Quero contar o caso de um amigo de 60 anos que me parece paradigmático. Mas, antes, um pequeno comentário sobre homens mais jovens.

Temo que os homens mais jovens estejam cada vez mais medrosos, principalmente na lida com as meninas e com situações de tensão pública. As meninas, na sua sabedoria uterina pré-histórica, já têm sentido o cheiro da covardia nos homens há algum tempo, mas, como são obrigadas a pensar neles como seus "inimigos de gênero", não conseguem pôr em palavras o odor do medo que eles exalam. Há 50 mil anos, já teriam identificado o processo.

Mas voltemos ao "case" específico de hoje. Imagine um homem que diga a seguinte frase para sua mulher: "Quero encontrar algo que faça minha alma feliz". Agora imagine que esse homem tem cerca de 60 anos e pertence à classe média alta graças ao seu sucesso como profissional liberal especializado.

Segundo o que relata meu amigo, sua mulher tem estado tensa desde que ele decidiu que não trabalharia mais do que três dias por semana, deixando os dois dias úteis restantes para buscar algo que "faça sua alma feliz". Atenção: não estamos falando de alguém religioso, ok? "Alma" aqui significa apenas algo como seu "eu" ou sua "vida pessoal".
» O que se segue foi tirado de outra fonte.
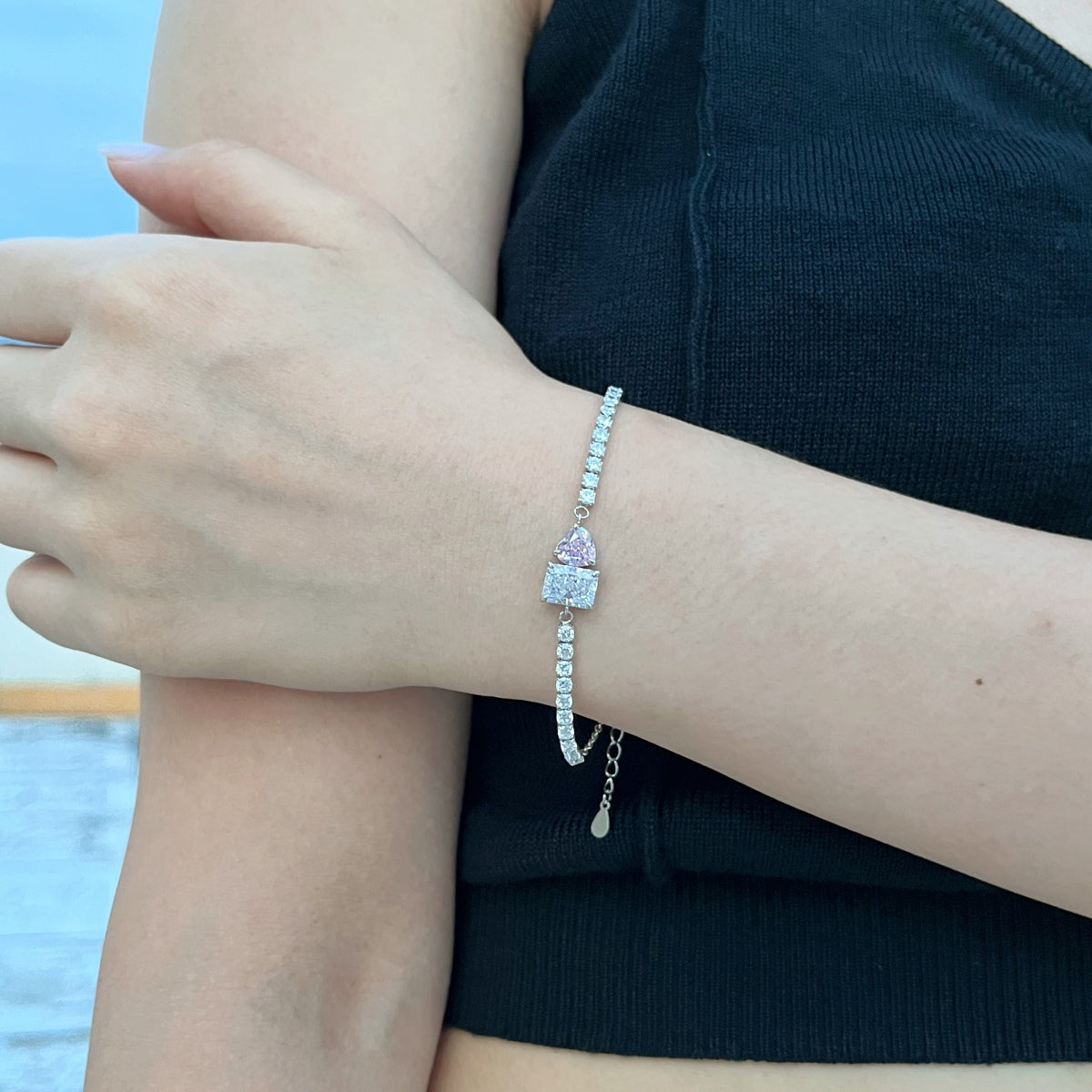 [AuraEcho]Dazzling Unique Multi Shape Lover Bracelet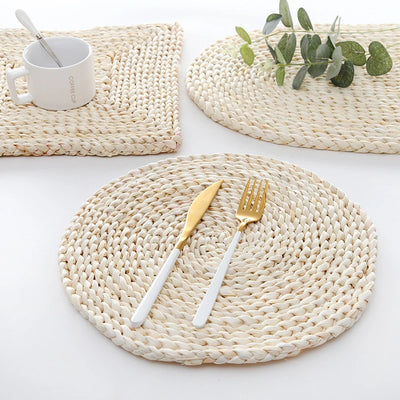 1Pcs round Natural Corn Wool Woven Placemat Heat-Resistant Thickened Insulation Casserole Tea Mat Kitchen Supplies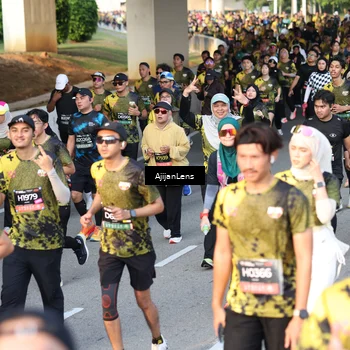 Runner Photo 6615332
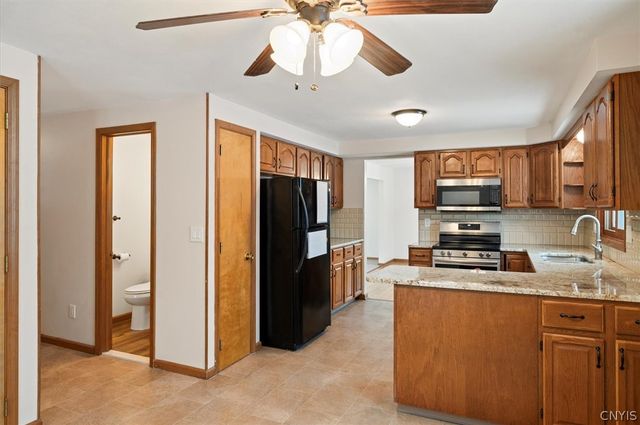 6207 Stone Arabia Road, Cicero, NY 13039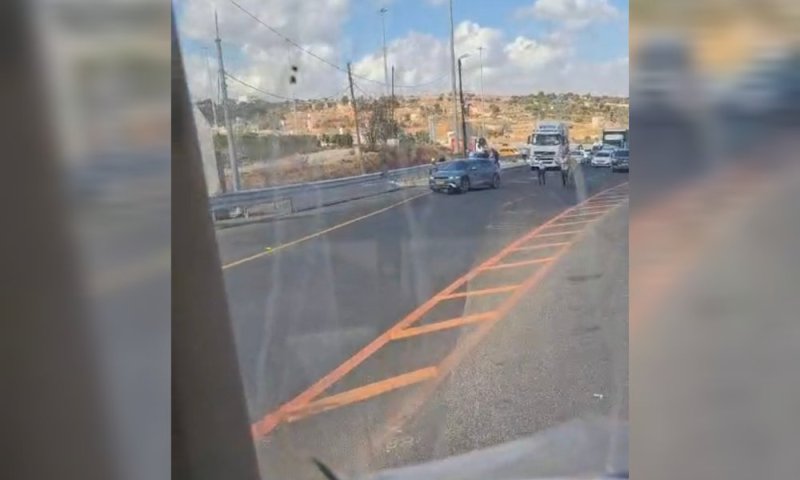 פיגוע דריסה בכביש המנהרות: שני בחורי ישיבה נפצעו - אחד באורח קשה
Para tomar essa decisão, nosso herói teve que, antes, pensar o seguinte (segundo o que ele mesmo me relatou): "Se trabalhar mais do que trabalho hoje, não mudarei meu padrão, não ficarei mais um centavo melhor do que estou hoje".
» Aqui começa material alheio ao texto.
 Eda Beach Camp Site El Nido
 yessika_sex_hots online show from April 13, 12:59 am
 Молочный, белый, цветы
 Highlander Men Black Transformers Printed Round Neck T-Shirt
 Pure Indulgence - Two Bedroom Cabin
Logo, abriu mão, especificamente, de ganhar mais dinheiro. A ideia de que ele esteja "desocupado", buscando algo que deixe sua alma mais feliz, parece estranho para sua mulher (que, se perguntada diretamente sobre o assunto, provavelmente dirá que está achando ótimo que seu marido procure mais "qualidade de vida").

Dirá isso porque hoje em dia todos queremos parecer bem resolvidos, sem angústias ou fragilidades afetivas.

Mas, se de fato é ótimo "ele buscar mais qualidade de vida" (eu que criei essa frase, não faz parte do relato, mas me parece razoável no contexto), por que a tensão?

Porque, simplesmente, homens "não têm alma", apenas trabalham e pensam em mulheres. O repertório do senso comum sobre homens implica que eles são simples, e as mulheres, complexas –provavelmente, por razões evolucionárias.

Uma mulher, mesmo que não confesse, imagina que quando seu marido decide parar de trabalhar dois dias por semana é porque ele está procurando outra mulher. No catálogo de comportamento masculino não existe a ideia de um homem se indagar verdadeiramente sobre o estilo de vida que ele quer ter ou se quer ou não ganhar mais dinheiro. As mulheres e os gays vivem se perguntando coisas assim, mas os homens héteros não.

A pergunta que não quer calar é: por que os homens começaram a se perguntar coisas assim? E se a resposta deles não for "quero uma mulher e uma cerveja, uma pelada e a outra gelada"?